Work instructions: Print the listing below again, exactly. Skip the pictures.

[[ Dataset section, beginning ]]

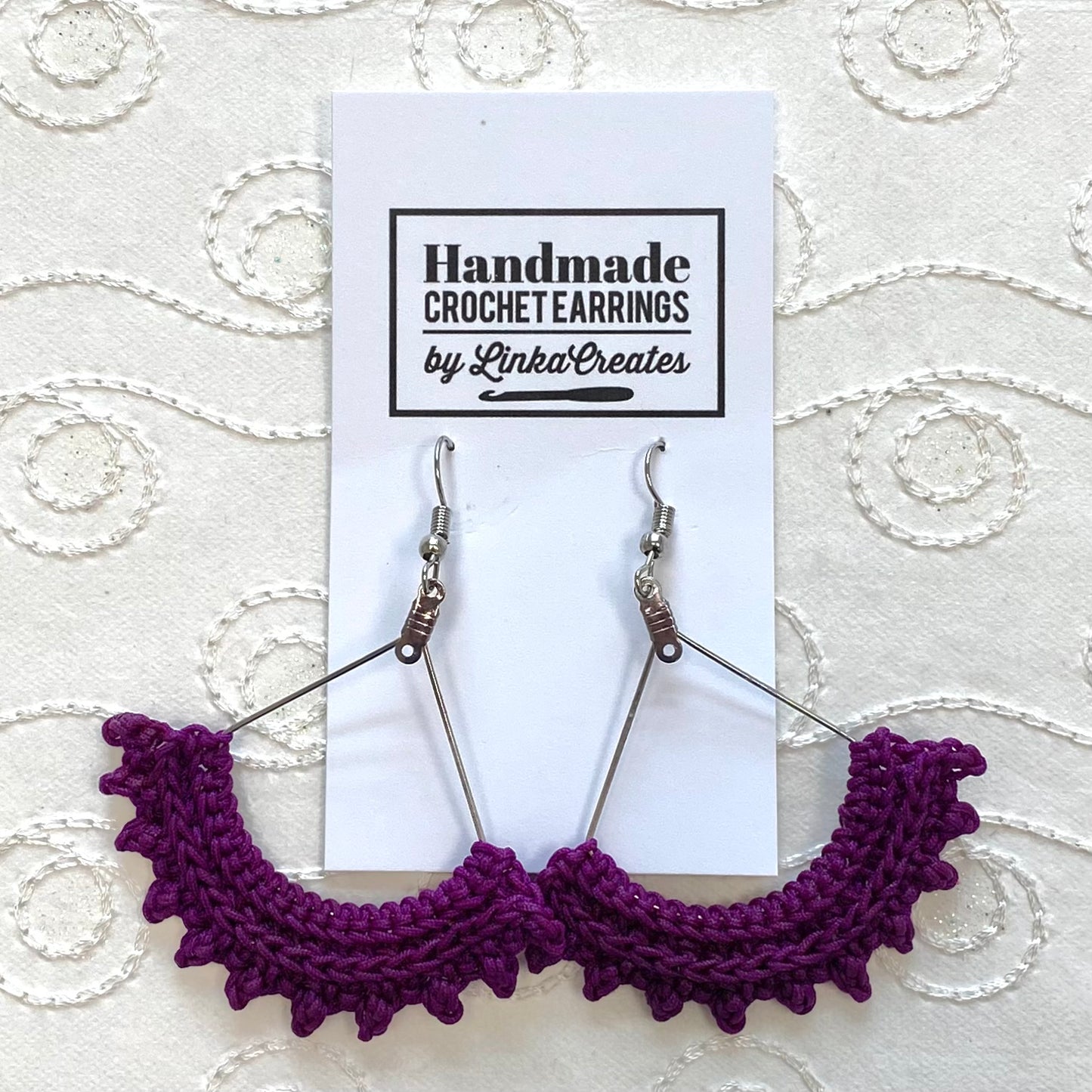 SEMICIRCLE Ruffle Crochet Earrings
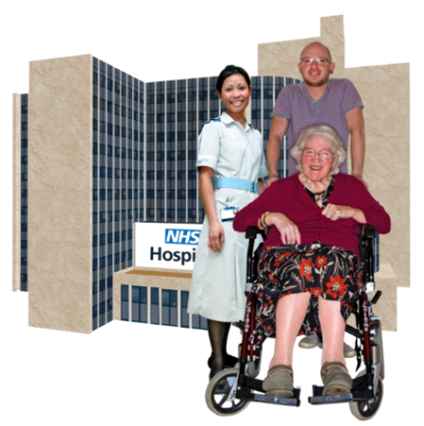 A woman in her wheelchair with someone pushing from behind and a nurse next to them. They are standing in front of a hospital.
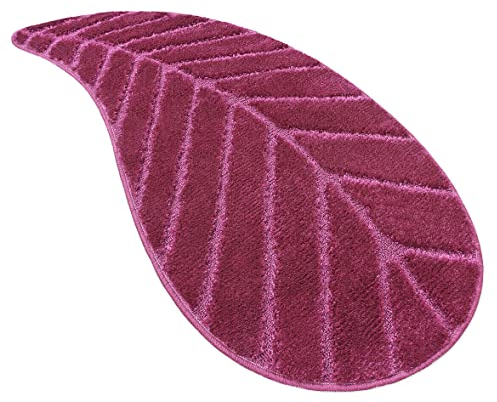 Badteppich Blatt weich saugfähig Schlafzimmer Dusche rutschfest Modell FIJI Violett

[[ Dataset section, end ]]

Solution to this task:
 SEMICIRCLE Ruffle Crochet Earrings
 A woman in her wheelchair with someone pushing from behind and a nurse next to them. They are standing in front of a hospital.
 Badteppich Blatt weich saugfähig Schlafzimmer Dusche rutschfest Modell FIJI Violett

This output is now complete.